REQUIRED WORK = From the material below, please set down exactly the lines starting with the one with "El Almería celebra un gol en El Molinón." and going on through the one with "Hochzeit - Snowflake Cupcakes", without a single picture.

TASK INPUTS =
============

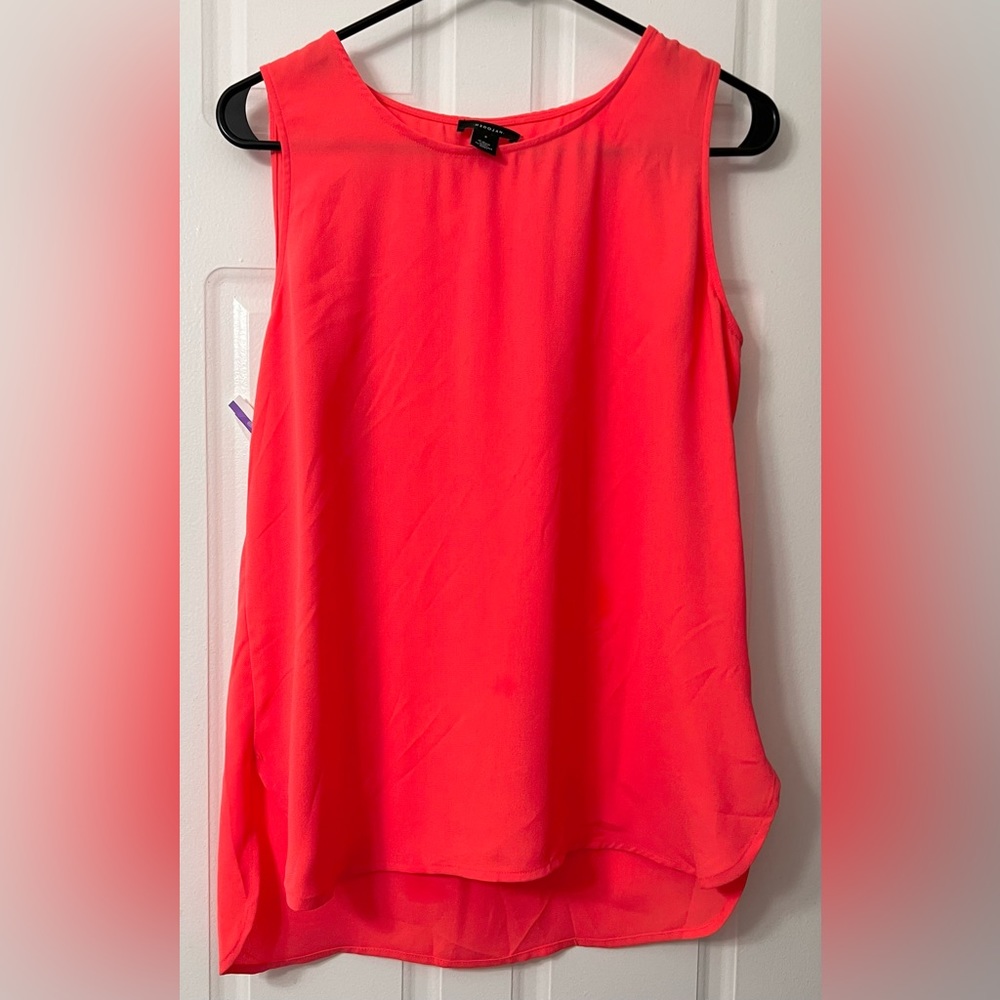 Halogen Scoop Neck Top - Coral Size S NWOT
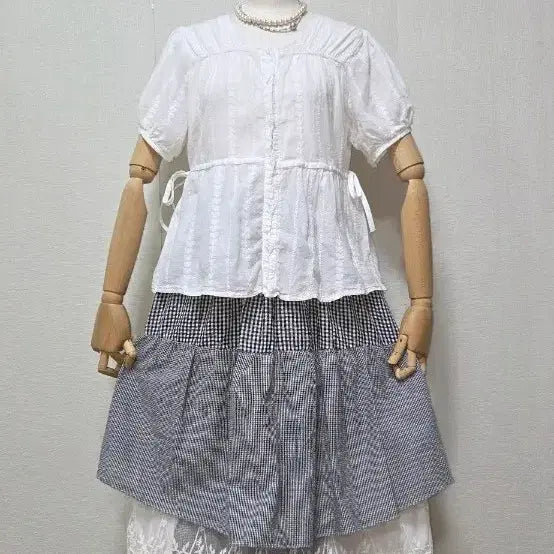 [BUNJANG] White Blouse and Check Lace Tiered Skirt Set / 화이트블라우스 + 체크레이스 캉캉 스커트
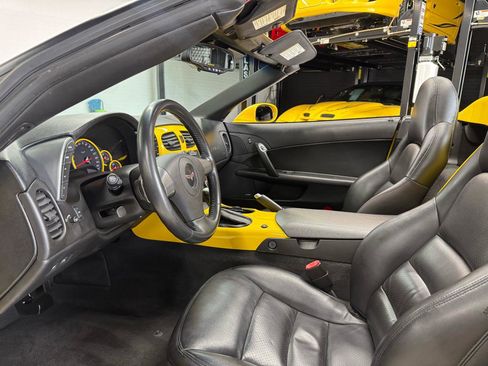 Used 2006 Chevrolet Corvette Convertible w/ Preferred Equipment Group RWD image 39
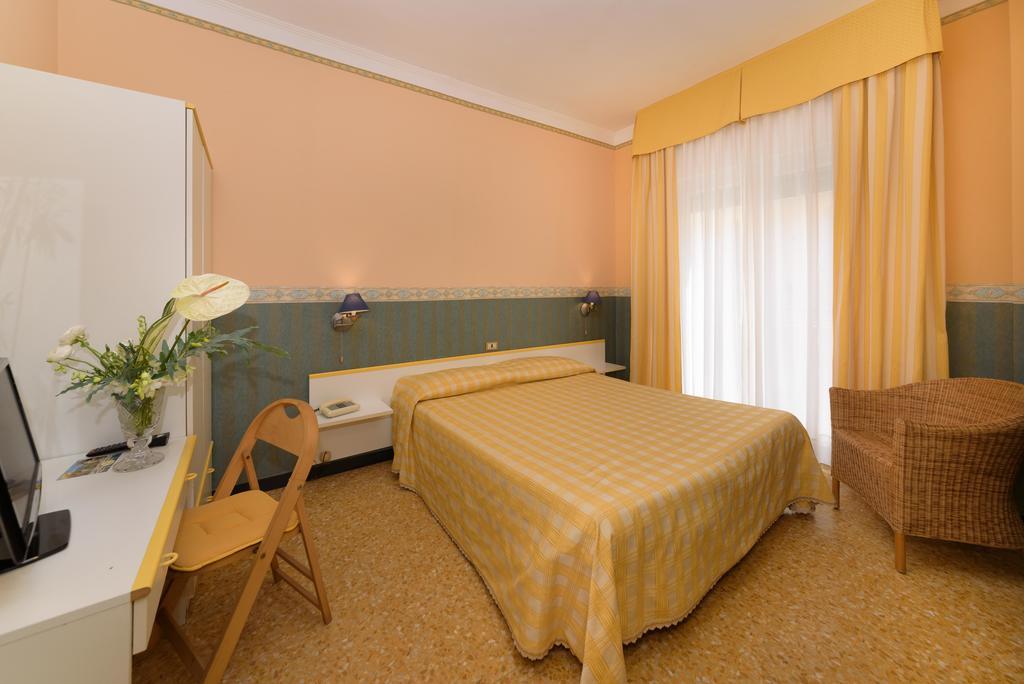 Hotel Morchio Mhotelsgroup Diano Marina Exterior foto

============

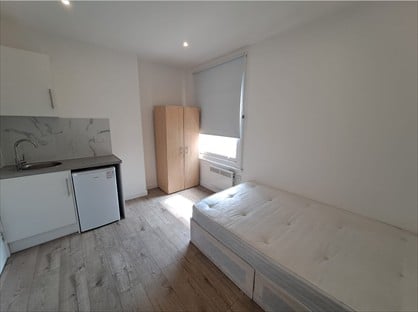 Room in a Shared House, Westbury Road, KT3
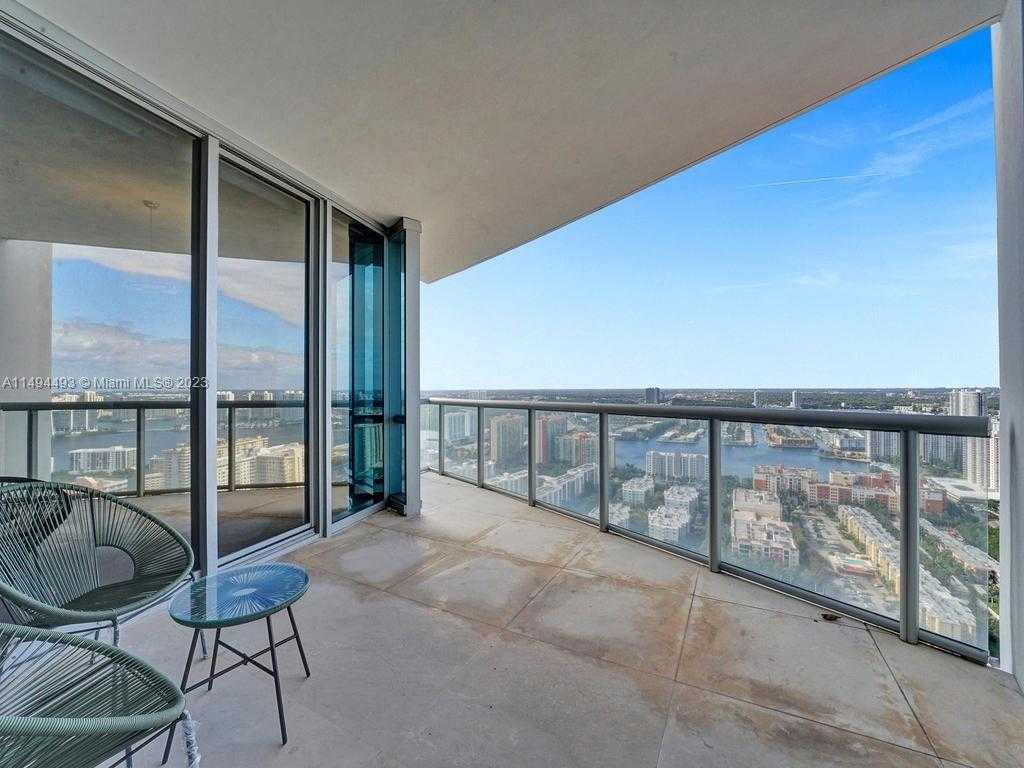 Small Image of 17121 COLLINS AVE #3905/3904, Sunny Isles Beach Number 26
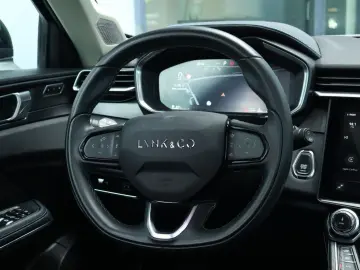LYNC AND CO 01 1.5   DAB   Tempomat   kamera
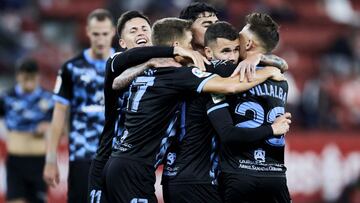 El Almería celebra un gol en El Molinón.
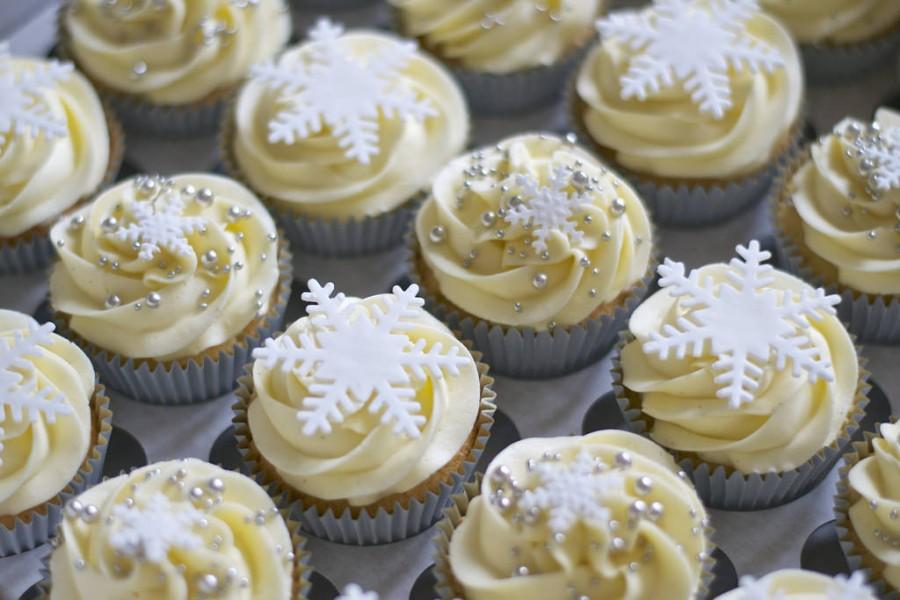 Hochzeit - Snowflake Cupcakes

============

RESPONSE FOR THIS EXERCISE =
 El Almería celebra un gol en El Molinón.
 Hochzeit - Snowflake Cupcakes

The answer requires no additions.